Further repairs are then necessary every three weeks. Only the few courses of spoilt bricks are renewed, and for the repairs, including the cooling of the vessel, a period of two or three days is required. At the end of the week the vessel is kept filled, so that its contents suffice for the last charge to be blown on Saturday. On Sunday night the vessel is again filled. The consumption of manganese is very low; theoretically, it is the quantity required for the formation of manganese sulphide, and in practice it has been found that this amounts to about 0.2 per cent. The proportion of manganese which the desulphurized pig iron coming from the vessel should contain is best kept at about 1.5 per cent. in order to render the desulphurization as complete as possible. Thus, a mean proportion of 1.7 per cent. of manganese in the pig iron passing into the vessel is more than sufficient to effect a thorough desulphurization. Indeed, 1 to 1.2 per cent. of manganese is sufficient to effect a satisfactory desulphurization. For the extent of the removal of the sulphur, the temperature and the duration of the reaction are of importance.

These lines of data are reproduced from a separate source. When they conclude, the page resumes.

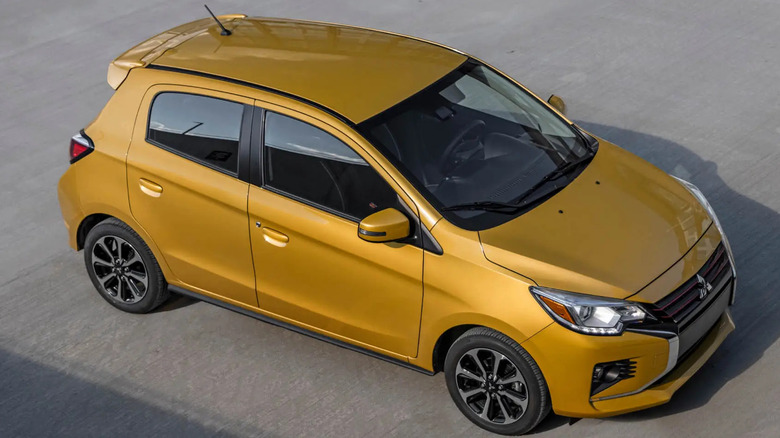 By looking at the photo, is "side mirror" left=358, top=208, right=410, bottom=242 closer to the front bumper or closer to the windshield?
the windshield

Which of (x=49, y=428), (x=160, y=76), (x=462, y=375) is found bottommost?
(x=49, y=428)

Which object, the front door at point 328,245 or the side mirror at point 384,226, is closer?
the side mirror at point 384,226

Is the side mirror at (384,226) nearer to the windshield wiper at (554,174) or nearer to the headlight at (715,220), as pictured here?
the windshield wiper at (554,174)

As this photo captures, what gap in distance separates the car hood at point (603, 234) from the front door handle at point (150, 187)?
2172 millimetres

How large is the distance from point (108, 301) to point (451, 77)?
2845 millimetres

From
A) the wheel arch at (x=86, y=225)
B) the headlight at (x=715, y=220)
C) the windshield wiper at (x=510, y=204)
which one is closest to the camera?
the windshield wiper at (x=510, y=204)

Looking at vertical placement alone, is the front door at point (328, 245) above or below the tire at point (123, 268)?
above

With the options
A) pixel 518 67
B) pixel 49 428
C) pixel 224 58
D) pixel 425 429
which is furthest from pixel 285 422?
pixel 518 67

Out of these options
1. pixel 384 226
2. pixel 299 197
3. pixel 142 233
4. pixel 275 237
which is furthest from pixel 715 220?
pixel 142 233

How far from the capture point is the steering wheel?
6008mm

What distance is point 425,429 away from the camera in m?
6.02

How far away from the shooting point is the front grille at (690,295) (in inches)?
218

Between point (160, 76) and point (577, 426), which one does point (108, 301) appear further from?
point (577, 426)

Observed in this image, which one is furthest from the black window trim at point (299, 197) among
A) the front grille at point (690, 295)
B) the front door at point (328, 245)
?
the front grille at point (690, 295) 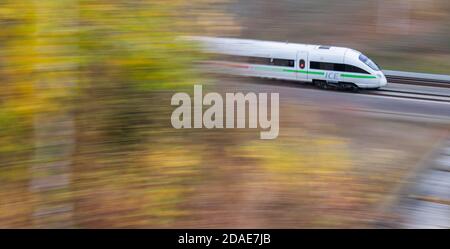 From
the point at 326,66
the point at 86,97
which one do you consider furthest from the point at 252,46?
the point at 86,97

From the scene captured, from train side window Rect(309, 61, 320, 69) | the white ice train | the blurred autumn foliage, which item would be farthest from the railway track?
the blurred autumn foliage

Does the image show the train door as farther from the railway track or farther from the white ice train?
the railway track

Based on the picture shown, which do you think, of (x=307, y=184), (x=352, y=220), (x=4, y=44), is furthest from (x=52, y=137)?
(x=352, y=220)

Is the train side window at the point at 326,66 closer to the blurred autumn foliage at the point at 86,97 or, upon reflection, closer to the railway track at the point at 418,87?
the railway track at the point at 418,87

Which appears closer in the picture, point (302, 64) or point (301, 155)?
point (301, 155)

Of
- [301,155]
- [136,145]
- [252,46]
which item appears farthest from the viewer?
[252,46]

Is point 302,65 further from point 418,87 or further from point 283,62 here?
point 418,87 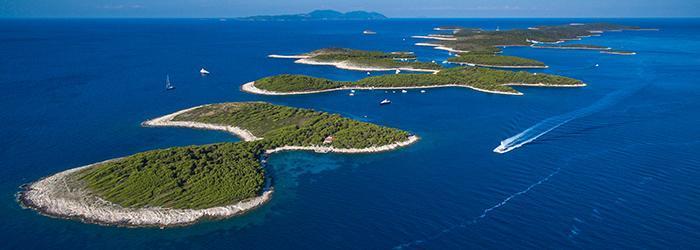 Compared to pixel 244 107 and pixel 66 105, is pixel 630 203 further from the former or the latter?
pixel 66 105

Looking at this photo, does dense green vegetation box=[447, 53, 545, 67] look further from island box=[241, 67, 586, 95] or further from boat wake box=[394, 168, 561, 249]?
boat wake box=[394, 168, 561, 249]

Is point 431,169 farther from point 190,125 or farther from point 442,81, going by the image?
point 442,81

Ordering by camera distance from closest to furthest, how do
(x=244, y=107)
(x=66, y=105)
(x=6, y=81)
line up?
(x=244, y=107), (x=66, y=105), (x=6, y=81)

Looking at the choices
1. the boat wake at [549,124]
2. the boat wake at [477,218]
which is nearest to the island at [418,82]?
the boat wake at [549,124]

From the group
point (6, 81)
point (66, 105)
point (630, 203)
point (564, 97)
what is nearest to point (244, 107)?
point (66, 105)

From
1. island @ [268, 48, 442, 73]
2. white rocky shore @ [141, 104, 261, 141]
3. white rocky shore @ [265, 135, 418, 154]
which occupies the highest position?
island @ [268, 48, 442, 73]

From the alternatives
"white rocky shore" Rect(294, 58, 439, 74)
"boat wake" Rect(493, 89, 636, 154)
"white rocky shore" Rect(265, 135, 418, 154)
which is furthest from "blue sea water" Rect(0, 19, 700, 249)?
"white rocky shore" Rect(294, 58, 439, 74) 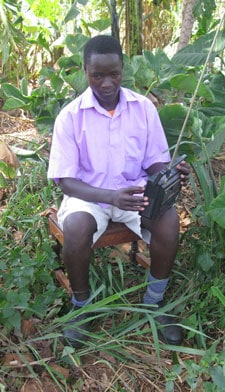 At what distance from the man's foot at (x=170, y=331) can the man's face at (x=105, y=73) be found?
3.06 ft

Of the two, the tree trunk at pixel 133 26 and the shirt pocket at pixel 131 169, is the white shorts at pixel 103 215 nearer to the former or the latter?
the shirt pocket at pixel 131 169

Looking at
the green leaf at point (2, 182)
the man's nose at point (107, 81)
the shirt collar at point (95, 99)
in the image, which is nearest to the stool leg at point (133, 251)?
the shirt collar at point (95, 99)

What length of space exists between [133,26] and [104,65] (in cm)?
169

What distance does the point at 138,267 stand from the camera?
2.34 meters

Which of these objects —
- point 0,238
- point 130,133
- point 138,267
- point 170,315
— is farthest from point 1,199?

It has been found that if highly sulphureted pig iron is poured from the blast furnace into the desulphurizing vessel, fifteen to twenty minutes are sufficient to effect the desulphurization requisite for the steel process. The part played by the duration of the process is seen from the results obtained with the last charges, if the vessel is emptied at the end of the week without fresh pig iron being added from the blast furnace. If, for example, 60 tons of pig iron with 0.065 per cent. of sulphur remain in the vessel, the proportion of sulphur with the last charges falls to 0.03 per cent. The iron in the vessel remains sufficiently fluid for several hours. When necessary, a little wood is thrown in. It has been found quite unnecessary to obtain heat by passing and burning a current of gas above the bath of metal.

A number of results, showing the separation of sulphur at the Hoerde Works, was published a few months ago2 by Professor P. Tunner, one of our honorary members.

The totals represent, respectively, 138,500 kilogrammes of pig iron and 98,654 kilogrammes of sulphur.

Thus, from 138,500 kilogrammes of pig iron there has been eliminated 179,577-98,654 = 80,923 kilogrammes of sulphur, or, in other words, 45.063 per cent.

The proportion of sulphur in the slags rises with that in the iron from the blast furnace to 17 per cent., an inappreciable portion of the sulphur of the slag being oxidized to sulphurous anhydride by access of air. An analysis of the slag yielded the following results:

	Per cent.
Sulphur	17.07
Manganese	30.31
Phosphoric anhydride	0.61
Iron	7.13
Bases	35.04

An analysis of an average sample gave:

	Per cent.
Manganese sulphide	28.01
Manganous oxide	20.23
Ferrous oxide	25.46
Silica	18.90
Alumina	5.00
Lime	3.53
Magnesia	0.43

The great convenience and certainty presented by the method described in this paper will in all probability lead to its general adoption. As a matter of fact, several works are now occupied with the installation of this mixing and desulphurizing plant.

[1]Paper read before the Iron and Steel Institute.[2]"Oesterreichische Zeitschrift fur Berg und Huttenwesen," 1891, No. 19.